Theme: Part Two: Who May Come to God?
In this week’s lessons we learn how this psalm serves as a Messianic psalm, as Jesus enters into Jerusalem on Palm Sunday as Israel’s King.
Scripture: Psalm 24:1-10
Who may come to such a great king to pay homage? This is no mere earthly monarch, whose presence would be awe-inspiring enough, but rather the thrice holy God. Who dares come into his holy presence? The answer to this question is in verses 3-6, and it is both wonderfully complete and profound. It falls into two parts.
1. The heart of the worshiper. Verse 4 answers the important question of verse 3 in terms of the worshiper’s inner character and outward actions. It also answers it in terms of his relationship to God and to other people. The one who may approach God is: “He who has clean hands and a pure heart, who does not lift up his soul to an idol or swear by what is false.”
To have a “pure heart” refers to inward holiness. It is what Jesus was speaking of in the Sermon on the Mount when he said, “Blessed are the pure in heart, for they will see God” (Matt. 5:8).
“Clean hands” refers to one who is holy in deed, that is, in outward actions as well as inwardly. It is the exact opposite of Pilate, who, though he washed his hands publicly, saying, “I am innocent of this man’s blood” (Matt. 27:24), nevertheless was guilty. He was violating the laws of Rome as well as of his conscience by agreeing to the crucifixion of one he had three times declared “not guilty” (cf. John 18:38; 19:4, 6).
The next line refers to one who has a right relationship to God; he worships the true God, not idols. The third line describes one who has a right relationship to others. He is an honest person; he has not sworn falsely.

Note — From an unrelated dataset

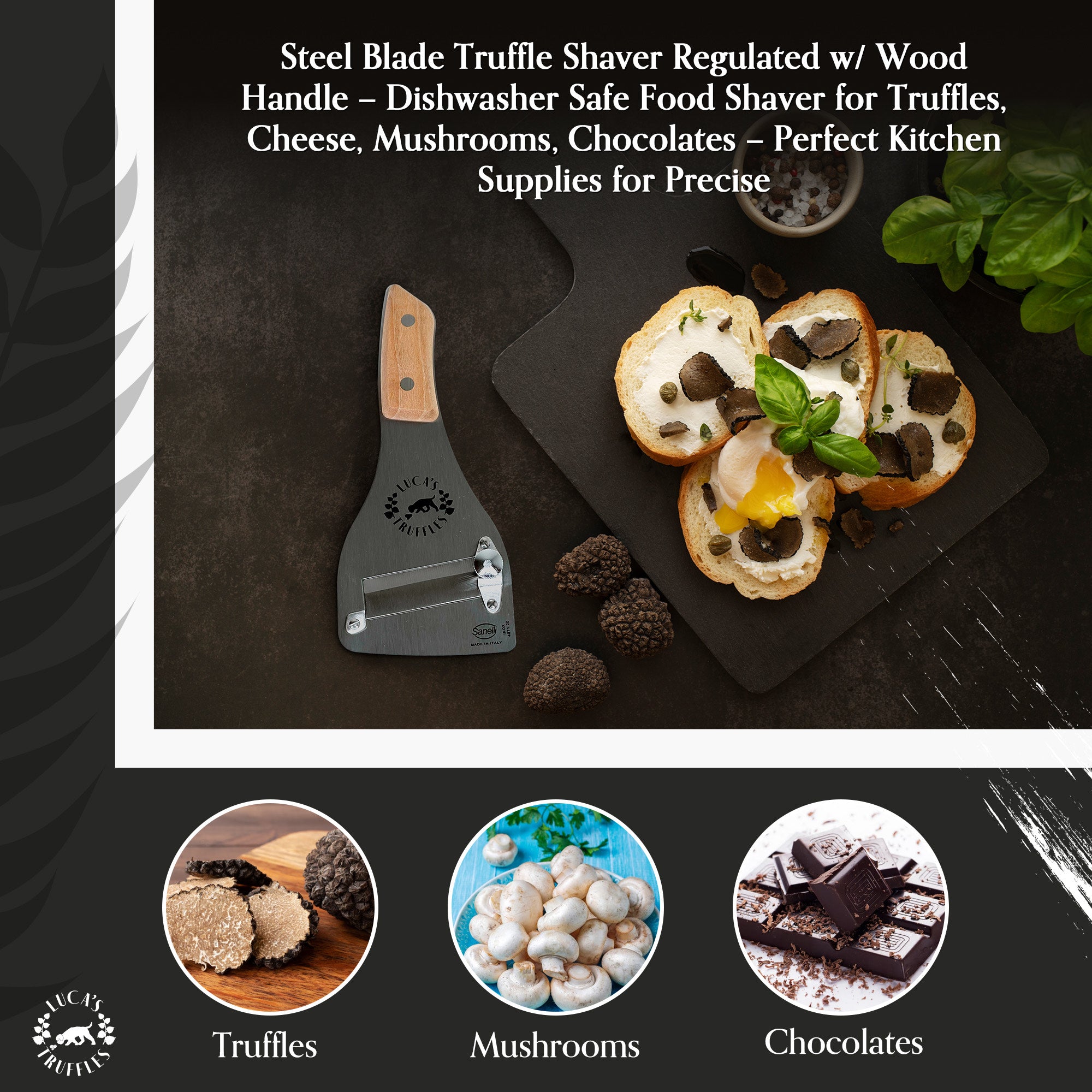 Luca's Wood Handled Truffle Slicer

These requirements are a shortened version of the psalm mentioned earlier, Psalm 15. Indeed, they are so close to it that either the author of the one psalm knew or copied from the other or else, which is what is claimed and is most likely, both were written by the same man, namely, King David. Psalm 15 asks the question: “LORD, who may dwell in your sanctuary? Who may live on your holy hill?” It answers:
He whose walk is blameless and who does what is righteous, who speaks the truth from his heart and has no slander on his tongue, who does his neighbor no wrong and casts no slur on his fellow man, who despises a vile man but honors those who fear the LORD, who keeps his oath even when it hurts, who lends his money without usury and does not accept a bribe against the innocent (vv. 2-5).
This is the inner character of those who please God. These are the ones God approves.
Who can come into the presence of the King? Explain the meaning of verse 4.
What other psalm is similar at this point, and how?
Reflection: Is your inner character one in which God approves?